Monday, April 23, 2007

The Best and Brightest

Everything I learned about journalism, the media, the 60s, even rowing, I first learned about from David Halberstam.

Starting from high school when I first discovered The Best and the Brightest, I consumed all of his books. How could one man have so much to say on such a wide swath of topics? But he did.

And how he's dead.

I spent Saturday at the Berkeley school of journalism, for an alumni weekend session on journalism and history. David Halberstam's talk was a natural culmination to the day. Just like his books, he was smart, witty and expansive. Especially about the stupidity of the Iraq war.

The world will be less bright without him.

Sunday, April 22, 2007

The Mommy Myth

Surveying my Smith class of 1991, one thing is clear: each woman must be a pioneer, navigating her path of work and family as if it's never been done before. The media doesn't help -- presenting case after case of upper-middle-class women -- like my Smith alum -- who "choose" to stay home with their kids. And even if it's not true that women are mass exiting work life for home life, it's easy enough to believe because, well, it is hard to balance work and family.

Lisa Belkin's 2003 New York Times magazine article on fellow Princeton graduates who on the face of it were "choosing" to leave their killer careers because of the killer hours were forming an "opt-out revolution" to stay home with the kids instead.

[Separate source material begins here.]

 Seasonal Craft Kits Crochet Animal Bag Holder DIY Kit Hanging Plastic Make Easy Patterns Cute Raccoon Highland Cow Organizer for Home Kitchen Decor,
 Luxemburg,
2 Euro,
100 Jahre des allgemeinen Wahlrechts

To pile on the guilt for this miniscule demographic (although no doubt making up a large number of readers of The New York Times) these very overeducated stay-at-home moms are being chastised by the book "The Feminine Mistake," which warns that women who stay home put themselves at finaicial risk by staking their homemaker claim on rich husbands who will not divorce them.

Of course, balancing career and family is a huge problem for many women to work out -- but that doesn't mean women aren't working. On the contrary, a majority of mothers in the U.S. are working. And if they "opt out," they're having kids later in life, after they've been working for some time. Which isn't exactly opting out.

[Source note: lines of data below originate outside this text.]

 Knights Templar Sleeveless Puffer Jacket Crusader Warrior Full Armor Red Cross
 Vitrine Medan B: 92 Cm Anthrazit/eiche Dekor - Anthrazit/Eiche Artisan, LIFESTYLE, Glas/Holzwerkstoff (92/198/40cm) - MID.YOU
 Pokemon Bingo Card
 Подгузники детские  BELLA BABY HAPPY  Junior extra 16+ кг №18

E. J. Graff, who spoke at the Women, Action and Media conference I attended last month in Cambridge, MA, wrote a piece for the Columbia Journalism Review that sheds some light on the history of this media myth of the stay-at-home mom, which will not die.

Graff writes,

The opt-out stories have a more subtle, but equally serious, flaw: their premise is entirely ahistorical. Their opening lines often suggest that a generation of women is flouting feminist expectations and heading back home. At the simplest factual level, that’s false. Census numbers show no increase in mothers exiting the work force, and according to Heather Boushey, the maternity leaves women do take have gotten shorter. Furthermore, college-educated women are having their children later, in their thirties—after they’ve established themselves on the job, rather than before. Those maternity leaves thus come in mid-career, rather than pre-career. Calling that “opting out” is misleading. As Alice Kessler-Harris, a labor historian at Columbia University, put it, “I define that as redistributing household labor to adequately take care of one’s family.” She adds that even while at home, most married women keep bringing in family income, as women traditionally have. Today, women with children are selling real estate, answering phone banks, or doing office work at night when the kids are in bed. Early in the twentieth century, they might have done piecework, taken in laundry, or fed the boarders. Centuries earlier, they would have been the business partners who took goods to market, kept the shop’s accounts, and oversaw the adolescent labor (once called housemaids and dairymaids, now called nannies and daycare workers).

I hope the media starts getting the word out. But I doubt it. It's easier to believe the myth then have to deal with the reality.


Friday, April 20, 2007

Freedom of Choice Act

It's being re-introduced in Congress today, and not a moment too soon. At least we don't have to sit helplessly by while our rights are taken away. Call and write your congresspeople and demand they pass this legislation that would reverse the Supreme Court's abortion ban.

Thursday, April 19, 2007

Trust Us, We're Helping You

Father knows best. That's the idea behind Justice Kennedy's argument for knocking down the right to a later-trimester abortion. Not facts. Not actual case histories, which are truly horrific, of why women in these tragic situations need this procedure done.

In a news analysis for the New York Times, Linda Greenhouse writes:

Justice Kennedy conceded that “we find no reliable data” on whether abortion in general, or the procedure prohibited by the Partial-Birth Abortion Ban Act, causes women emotional harm. But he said it was nonetheless “self-evident” and “unexceptional to conclude” that “some women” who choose to terminate their pregnancies suffer “regret,” “severe depression,” “loss of esteem” and other ills.

Consequently, he said, the government has a legitimate interest in banning a particularly problematic abortion procedure to prevent women from casually or ill-advisedly making “so grave a choice.”

That may be his opinion, but god knows that doesn't make it true. But guess what, it's now the law of the fucking land because he said so.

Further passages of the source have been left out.